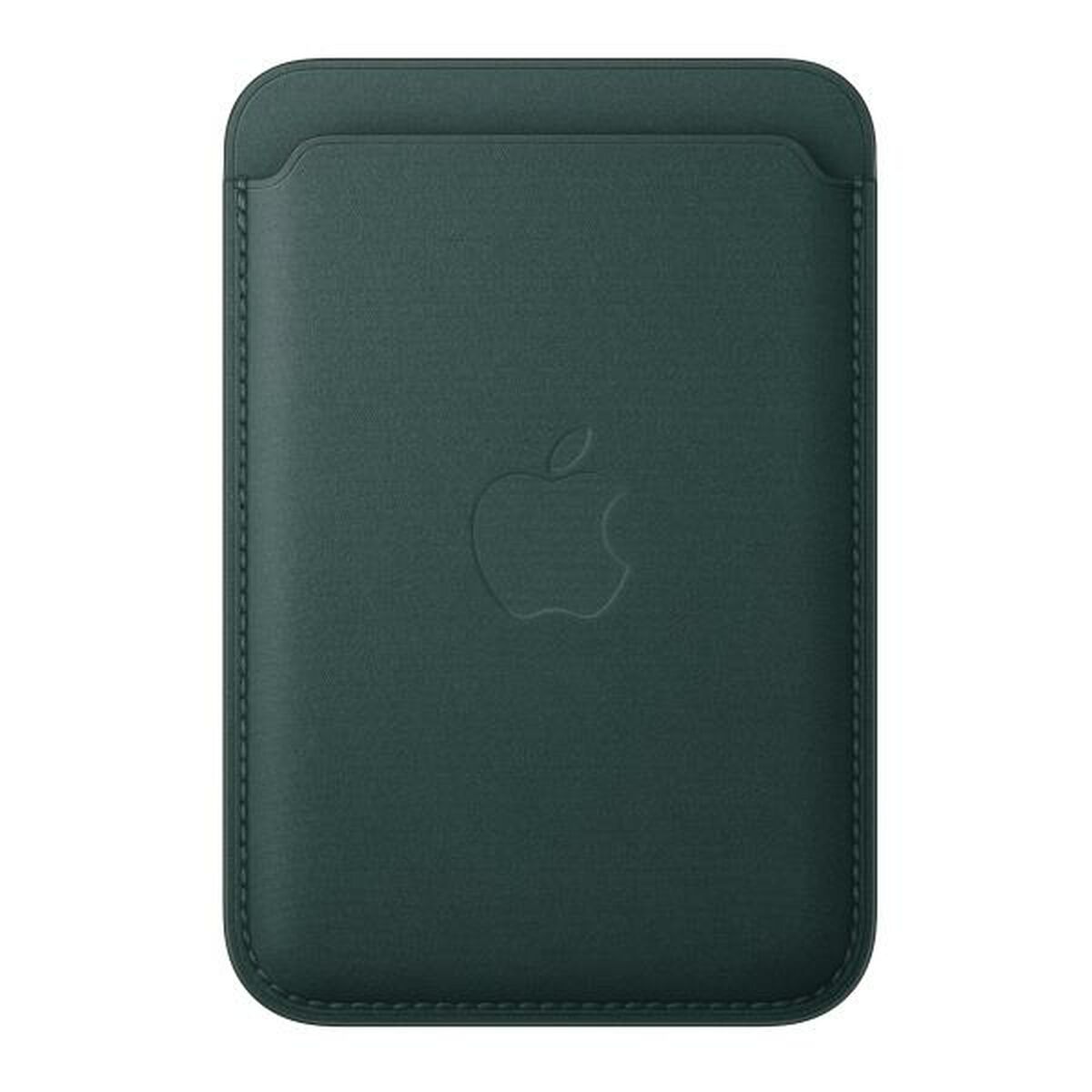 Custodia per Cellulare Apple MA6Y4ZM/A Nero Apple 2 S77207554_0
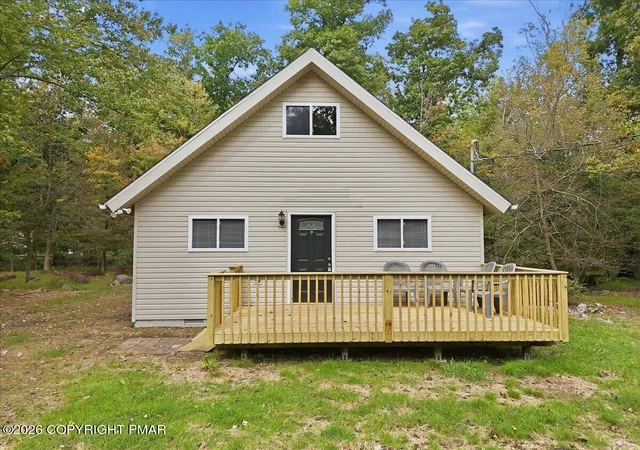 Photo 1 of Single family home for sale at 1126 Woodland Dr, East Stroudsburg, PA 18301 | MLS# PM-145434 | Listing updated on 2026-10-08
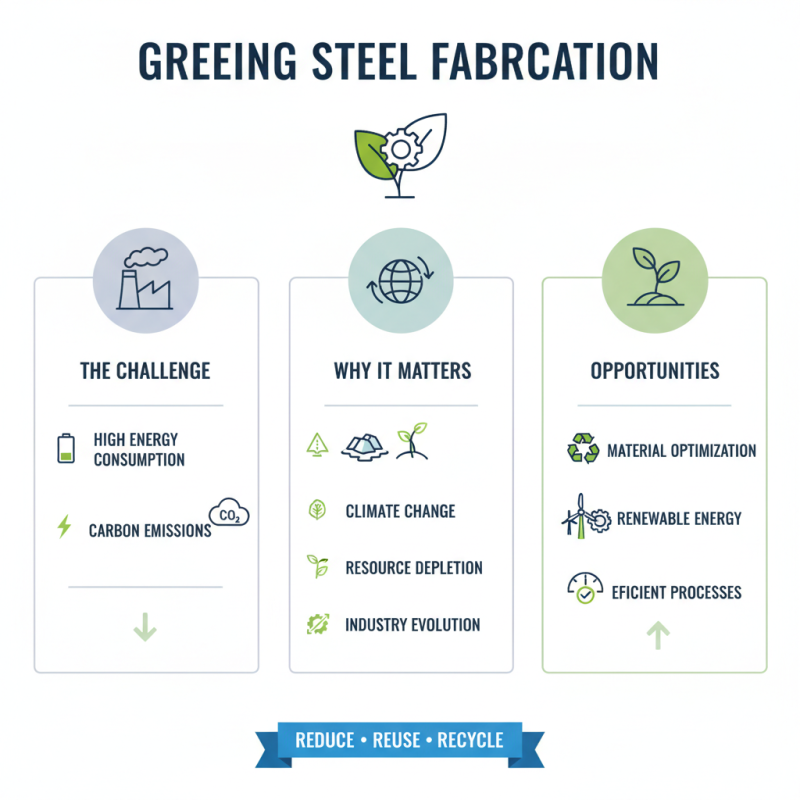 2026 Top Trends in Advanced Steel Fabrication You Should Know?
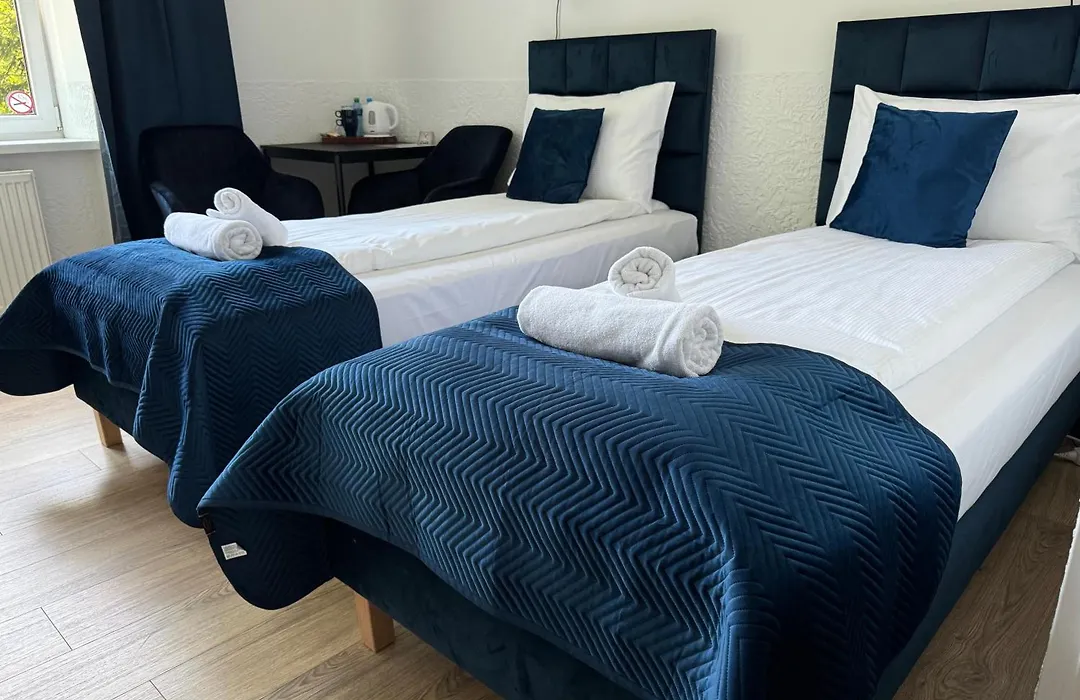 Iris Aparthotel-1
......
### WHAT YOU SHOULD DO:
Word for word, restate the lines from the first line of the material through the line containing "2026 Top Trends", with the pictures left out.

### OUTPUT BELOW:
 Custodia per Cellulare Apple MA6Y4ZM/A Nero Apple 2 S77207554_0
 Photo 1 of Single family home for sale at 1126 Woodland Dr, East Stroudsburg, PA 18301 | MLS# PM-145434 | Listing updated on 2026-10-08
 2026 Top Trends in Advanced Steel Fabrication You Should Know?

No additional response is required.